A crise é tão profunda e abala de tal modo um Estado importante que a própria burguesia é obrigada a adotar medidas excepcionais, como apoio à suspensão do pagamento da dívida do Estado com a União. Com uma dívida de R$ 98 bilhões, a importante medida tomada pelo governo Lula representará R$ 11 bilhões mantidos no Rio Grande do Sul ao longo de três anos. Apenas de juros, seriam mais de R$ 12 bilhões se o pagamento fosse mantido, superando o próprio montante da dívida e, por consequência, provando que o pagamento da dívida está a serviço do sistema financeiro e da agiotagem.

O Rio Grande do Sul tem uma importância na acumulação de capital, garantindo boa parte da produção de arroz, de máquinas agrícolas e exportação de soja. A burguesia não poderia simplesmente deixá-lo para trás e vê-lo se transformar num palco de revoltas, nem deixar de lado o papel do RS na cadeia produtiva nacional, sendo obrigada a aceitar medidas excepcionais, como a concessão de um auxílio emergencial de R$ 5 mil a famílias atingidas.

O Estado sofrerá com o empobrecimento e poderá passar por um grande retrocesso social enquanto ocorre a reconstrução. Para enfrentar essa situação, a luta sobre quem deve pagar a conta será dura, afinal, essa fatura deve ser paga por aqueles que acumulam as riquezas e são os menos afetados. A suspensão do pagamento da dívida indicou que a pressão popular pode obter conquistas materiais e deve continuar garantindo o acesso do conjunto da população a todos os meios necessários para a reconstrução da infraestrutura do Estado e das vidas de famílias afetadas.

Isso trará à tona enormes discussões programáticas envolvendo justamente a questão do programa ambiental, da luta ecológica, da luta que envolve o combate ao negacionismo climático.

Construir um movimento dos atingidos pela enchente de 2024

Há muitas demandas. A imediata é a do atendimento aos abrigos, e a central a garantia de moradia. Mas ainda temos a demanda do auxílio emergencial, do crédito, da abolição de dívidas, da suspensão de pagamentos de tributos. São demandas tão importantes que levaram à medida excepcional de suspensão do pagamento da dívida do Estado com a União e à criação, por parte do governo federal, do Ministério da Reconstrução.

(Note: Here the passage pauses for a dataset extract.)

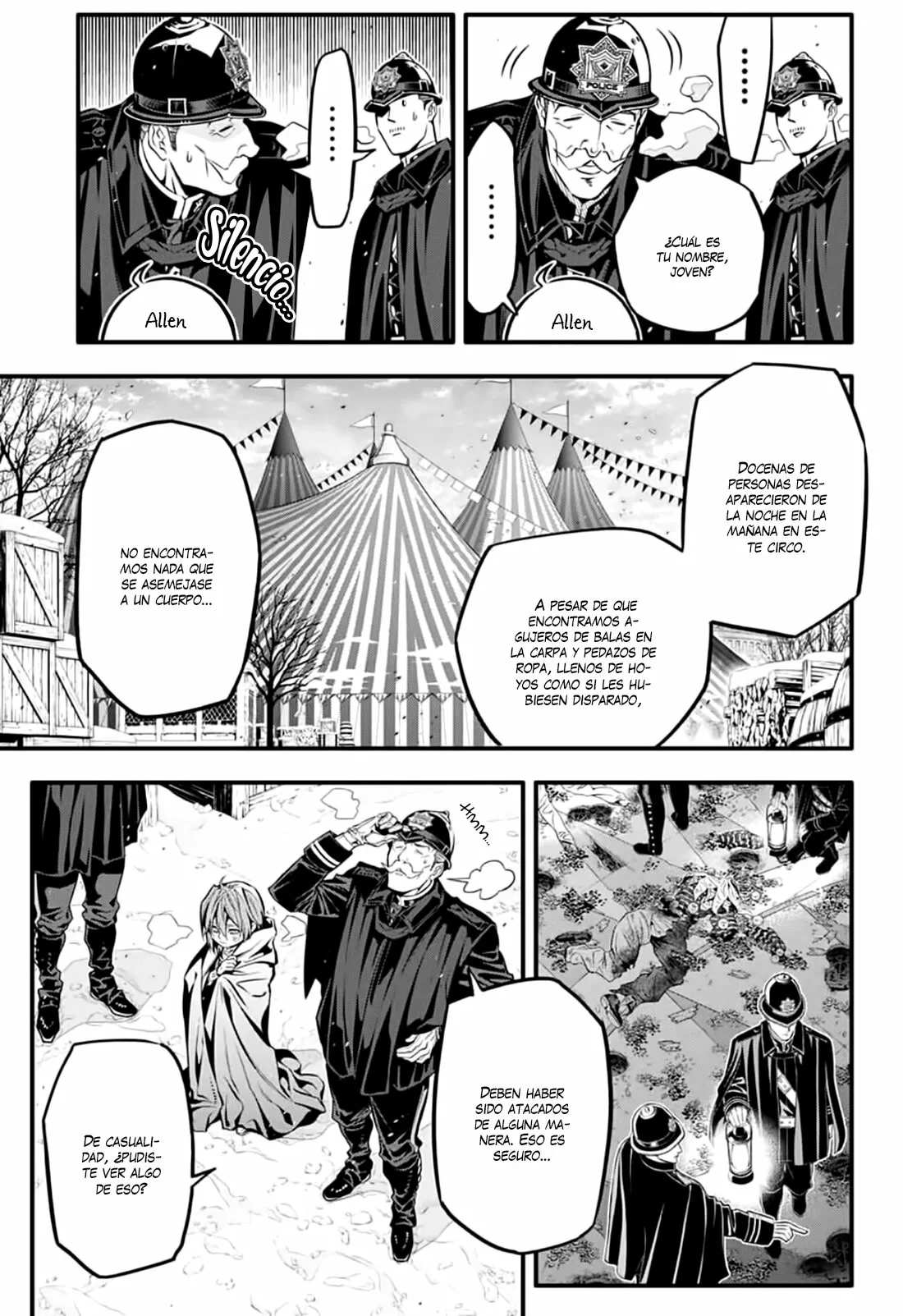 Read D.Gray-Man Es Manga Online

Para atender tantas demandas, é preciso organização. Uma organização que busque construir um movimento, centralizar as negociações, controlar o poder público, acompanhar a realização das medidas anunciadas. Não se pode simplesmente esperar pelos governos, é preciso que a sociedade (especialmente a classe trabalhadora do campo e cidade, a juventude e o povo pobre) tenha protagonismo e se organize para defender os seus direitos e os seus interesses.